COVID-19: Headteachers call for school funding to match rise in child poverty
Written by Hitmix News on 13 May 2021
Schools are asking for extra help as research suggests a sharp rise in young families falling into poverty due to the pandemic.
There’s been an 8% rise in the number of primary school children in England qualifying for free school meals in just three months from October 2020 to January 2021.
In secondary schools the rise is 3.5%.
But headteachers say government funding for children from poorer backgrounds has been changed, leaving them with budget difficulties at a time when the money is really needed.
Image: Principal at Skegness Academy, Kimberley Albelda, is ‘frustrated’ by the lack of support
The mechanism set up to support disadvantaged children in schools is called the pupil premium and it is calculated based on the number of children eligible for free school meals in each school.
For each eligible child in primary school it is worth £1,345 and at secondary school it is £955.
Traditionally the government bases its calculation on figures from January, but this year the pupil premium calculation is based on the number of children on free school meals last October.
Therefore the 8% rise in primary and 3.5% rise in secondary schools is not factored in.

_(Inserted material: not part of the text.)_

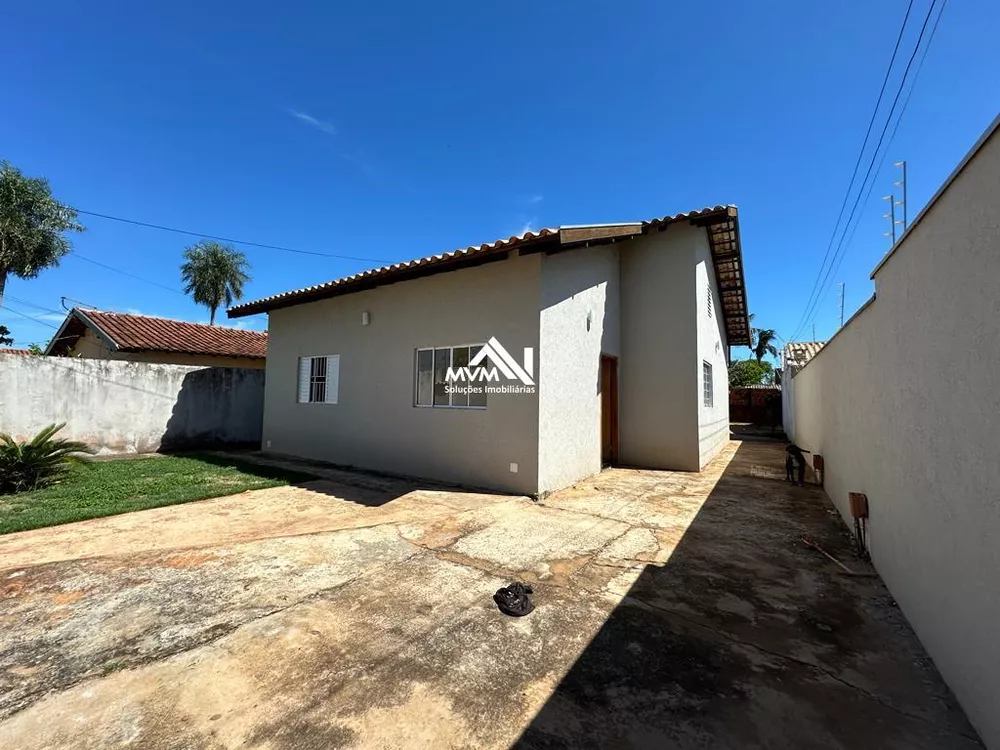 Casa à venda com 3 quartos, 80m² - Foto 3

The research by school funding campaign group F40 covers educational areas in a third of England’s education authorities and finds a budget shortfall of £36m.
Schools with high numbers of disadvantaged children lose the most.
Image: Sky News home editor, Jason Farrell, speaks to a student about child poverty during the pandemic
Kimberley Albelda, principal at Skegness Academy, told Sky News: “Our numbers have increased by about 90 children. So we’ve gone from just under 50% of our children qualifying for free school meals and pupil premium to nearly 60%, and a significant proportion of those have come onto the system since the October census.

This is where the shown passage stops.